Required work:
No pictures belong in the copy. Retype exactly, and only, the stretch of lines below from the one with "Nowoczesna zabudowa wnęki" through the one with "Dawn or sunset".

Data extracts:
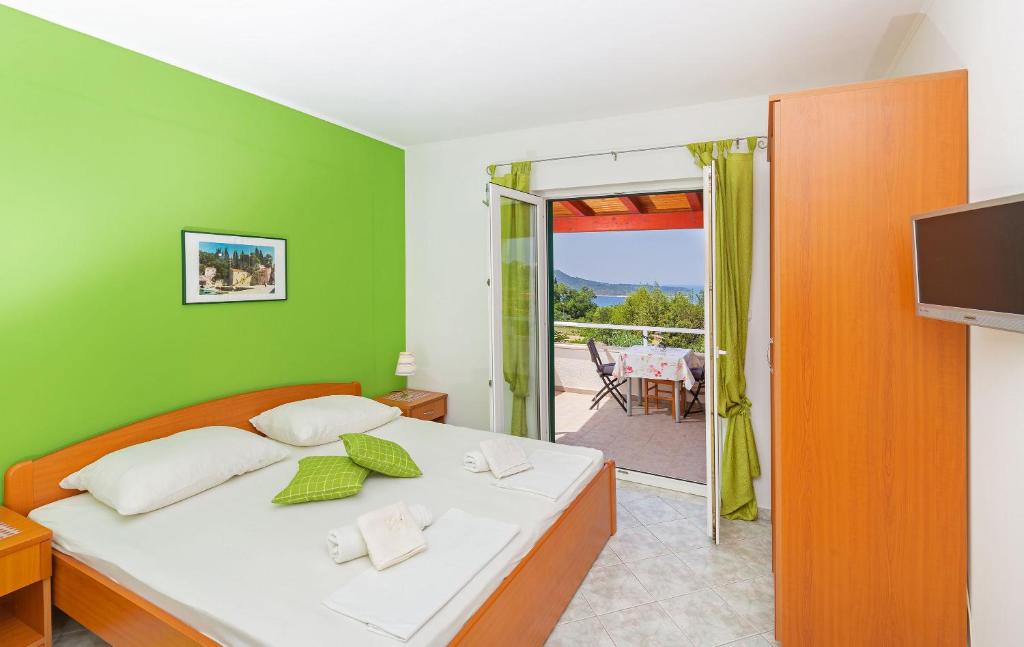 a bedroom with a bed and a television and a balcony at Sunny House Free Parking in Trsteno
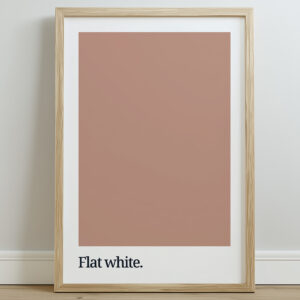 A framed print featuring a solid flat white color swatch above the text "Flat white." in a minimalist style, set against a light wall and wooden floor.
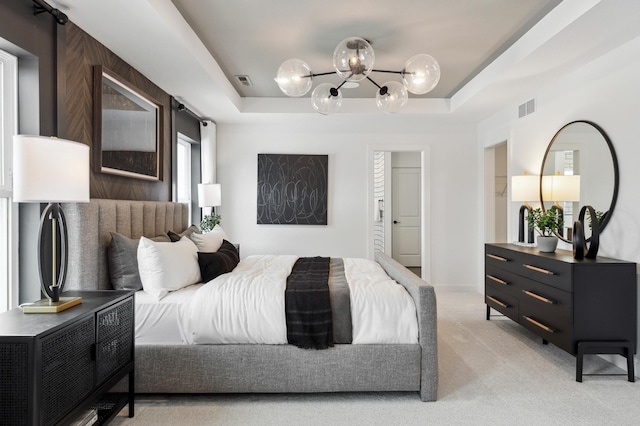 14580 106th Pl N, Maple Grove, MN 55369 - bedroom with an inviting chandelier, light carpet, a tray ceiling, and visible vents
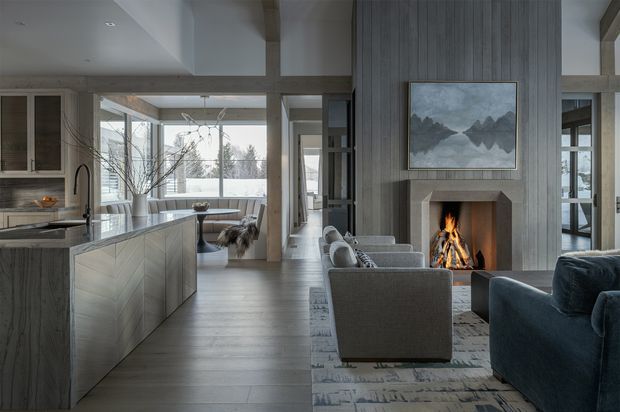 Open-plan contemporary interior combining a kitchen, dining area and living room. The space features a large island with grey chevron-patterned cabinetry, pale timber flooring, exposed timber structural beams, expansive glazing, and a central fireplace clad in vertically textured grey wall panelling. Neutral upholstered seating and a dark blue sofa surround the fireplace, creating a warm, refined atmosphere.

* * *

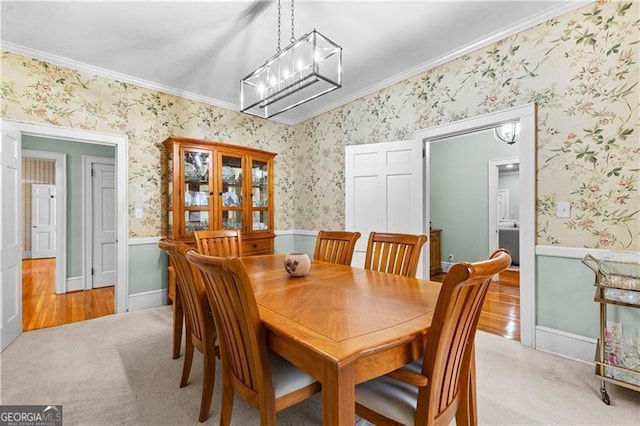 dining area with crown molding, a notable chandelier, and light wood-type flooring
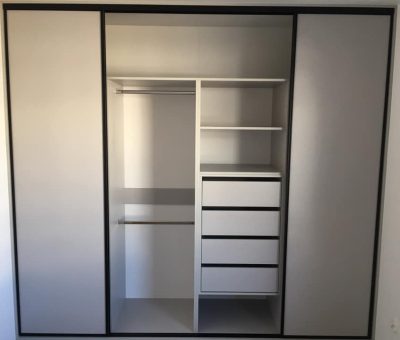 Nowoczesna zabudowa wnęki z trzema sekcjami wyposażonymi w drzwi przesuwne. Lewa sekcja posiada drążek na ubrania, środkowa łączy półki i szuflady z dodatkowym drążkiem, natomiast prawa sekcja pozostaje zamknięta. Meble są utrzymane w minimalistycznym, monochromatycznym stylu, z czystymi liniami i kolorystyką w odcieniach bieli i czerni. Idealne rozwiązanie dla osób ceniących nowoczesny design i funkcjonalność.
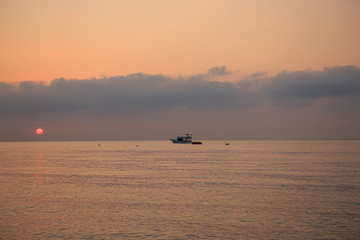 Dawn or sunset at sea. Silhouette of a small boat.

Response for this exercise:
 Nowoczesna zabudowa wnęki z trzema sekcjami wyposażonymi w drzwi przesuwne. Lewa sekcja posiada drążek na ubrania, środkowa łączy półki i szuflady z dodatkowym drążkiem, natomiast prawa sekcja pozostaje zamknięta. Meble są utrzymane w minimalistycznym, monochromatycznym stylu, z czystymi liniami i kolorystyką w odcieniach bieli i czerni. Idealne rozwiązanie dla osób ceniących nowoczesny design i funkcjonalność.
 Dawn or sunset at sea. Silhouette of a small boat.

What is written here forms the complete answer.